Porters provides seamless integration with popular C/C++ package managers, allowing you to manage external dependencies directly from your Porters project.

Supported Package Managers

Porters currently supports three major package managers:

  • Conan - Cross-platform package manager for C/C++
  • vcpkg - Microsoft's C/C++ package manager
  • XMake - Modern build system with built-in package manager

Installation Scopes

All package managers support two installation scopes:

Local Installation (Default)

Local packages are installed in the ports/ directory of your project:

porters conan add fmt
# Installs to: ports/conan/

Local installations are project-specific and won't affect other projects.

Global Installation

Global packages are installed in ~/.porters/packages/ and can be shared across multiple projects:

porters conan add --global fmt
# Installs to: ~/.porters/packages/conan/

Global installations are useful for:

  • Common libraries used across multiple projects
  • Reducing disk space by sharing package installations
  • Faster setup for new projects

Conan Integration

Conan is a widely-used C/C++ package manager.

Prerequisites

Install Conan first:

pip install conan

Basic Usage

Add a package locally:

porters conan add fmt
porters conan add boost --version 1.82.0

Add a package globally:

porters conan add --global fmt
porters conan add --global boost --version 1.82.0

List installed packages:

# List local packages
porters conan list

# List global packages
porters conan list --global

Search for packages:

porters conan search json

Remove a package:

# Remove local package (with confirmation)
porters conan remove fmt

# Remove global package (with confirmation)
porters conan remove --global fmt

# Force removal without confirmation
porters conan remove --force fmt
porters conan remove --global --force fmt

How It Works

Porters creates a conanfile.txt in either:

  • ports/conan/conanfile.txt (local)
  • ~/.porters/packages/conan/conanfile.txt (global)

The conanfile uses:

  • CMakeDeps generator for CMake integration
  • CMakeToolchain generator for cross-compilation support
  • --build=missing to build packages from source if binaries unavailable

vcpkg Integration

vcpkg is Microsoft's cross-platform package manager.

Prerequisites

Install vcpkg first:

# Windows
git clone https://github.com/microsoft/vcpkg
.\vcpkg\bootstrap-vcpkg.bat

# Linux/macOS
git clone https://github.com/microsoft/vcpkg
./vcpkg/bootstrap-vcpkg.sh

# Add to PATH

Basic Usage

Add a package locally:

porters vcpkg add fmt
porters vcpkg add nlohmann-json --version 3.11.2

Add a package globally:

porters vcpkg add --global fmt

List installed packages:

# List local packages
porters vcpkg list

# List global packages
porters vcpkg list --global

Search for packages:

porters vcpkg search json

Remove a package:

# Remove local package (with confirmation)
porters vcpkg remove fmt

# Remove global package without confirmation
porters vcpkg remove --global --force fmt

How It Works

Porters creates a vcpkg.json manifest in either:

  • ports/vcpkg/vcpkg.json (local)
  • ~/.porters/packages/vcpkg/vcpkg.json (global)

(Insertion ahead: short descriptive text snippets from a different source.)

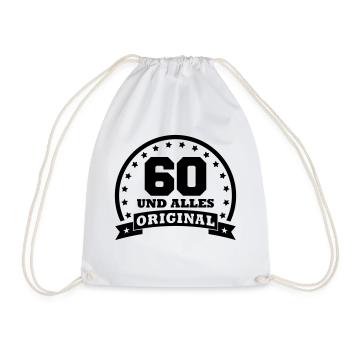 60 und alles Original! - Turnbeutel - Weiß - Vorne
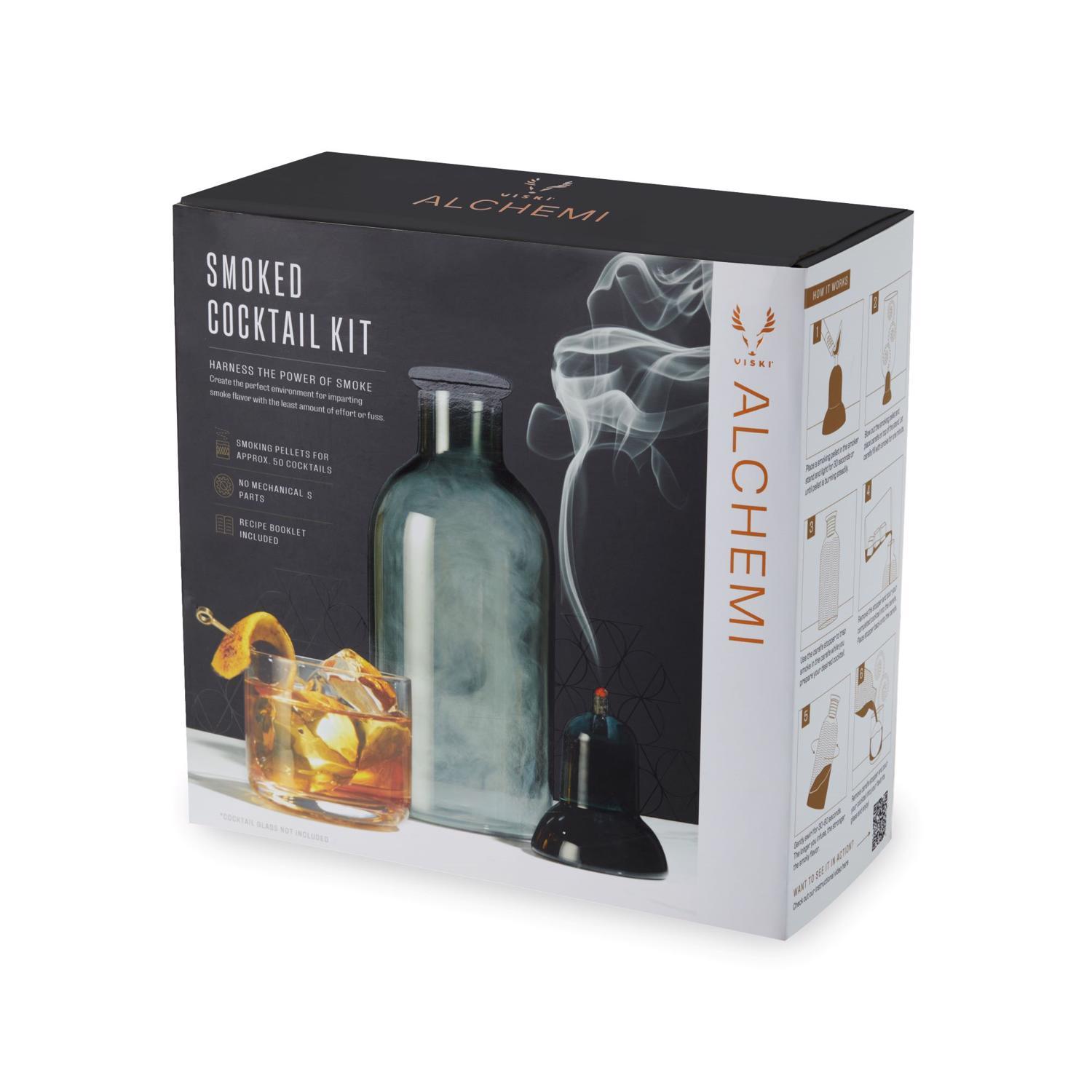 Viski Smoked Glass/Wood Cocktail Kit Sansujyuku sansujyuku.com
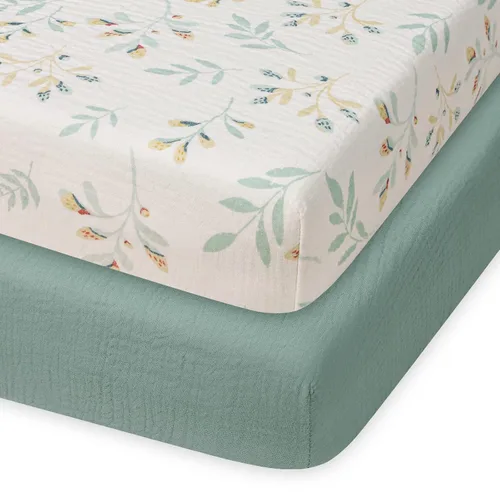 Miniatura 33 de Blissful Diary Sábanas de moisés de muselina para bebés, niñas y niños, de algodón suave bohemio, ajustadas para colchón rectangular ovalado de Sol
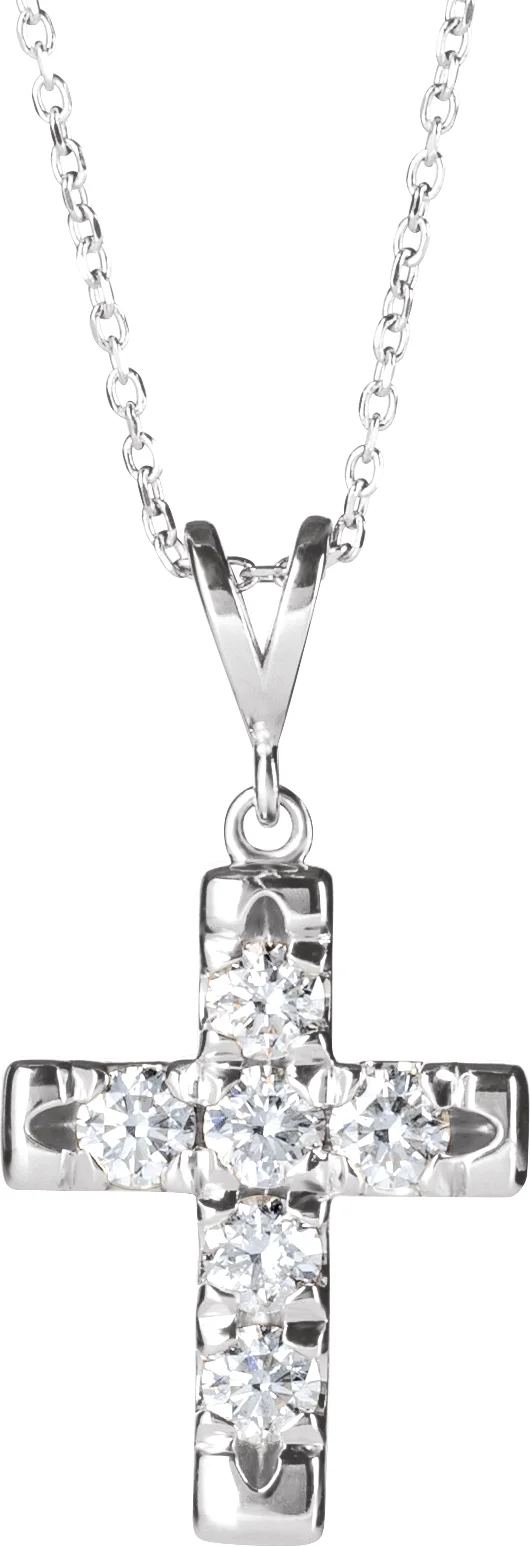 French-Set Cross Necklace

The manifest is used with vcpkg install --x-manifest-root for dependency management.

XMake Integration

XMake is a modern build system with a built-in package manager (xrepo).

Prerequisites

Install XMake first:

# Windows (via installer or Scoop)
scoop install xmake

# Linux/macOS
curl -fsSL https://xmake.io/shget.text | bash

Basic Usage

Add a package locally:

porters xmake add fmt
porters xmake add boost 1.82.0

Add a package globally:

porters xmake add --global fmt

List installed packages:

# List local packages
porters xmake list

# List global packages
porters xmake list --global

Search for packages:

porters xmake search json

Remove a package:

# Remove local package (with confirmation)
porters xmake remove fmt

# Remove with force flag
porters xmake remove --force fmt

How It Works

Porters creates an xmake.lua file in either:

  • ports/xmake/xmake.lua (local)
  • ~/.porters/packages/xmake/xmake.lua (global)

The xmake.lua uses:

  • add_requires() to declare package dependencies
  • xrepo install to fetch and install packages
  • add_packages() to link packages to targets

Common Workflows

Starting a New Project with External Dependencies

# Create a new project
porters new myproject --lang cpp

# Add dependencies locally
cd myproject
porters conan add fmt
porters conan add spdlog
porters vcpkg add catch2

# Build the project
porters build

Using Global Packages

# Install common libraries globally once
porters conan add --global fmt
porters conan add --global spdlog
porters vcpkg add --global catch2

# In each new project, reference them in porters.toml
# (Future feature: automatic global package detection)

Removing Dependencies

# Remove with confirmation prompt
porters conan remove old-package

# Remove multiple packages with force (no prompts)
porters conan remove --force package1
porters conan remove --force package2
porters conan remove --force package3

Searching for Packages

# Search across different package managers
porters conan search json
porters vcpkg search json
porters xmake search json

# Compare results and choose the best option

Integration with porters.toml

Package manager installations are complementary to porters.toml dependencies.

Currently, you need to:

  1. Add the package via package manager: porters conan add fmt
  2. Reference it in your porters.toml if needed
  3. Use it in your build system (CMake, XMake, etc.)

Future versions will provide tighter integration between package managers and porters.toml.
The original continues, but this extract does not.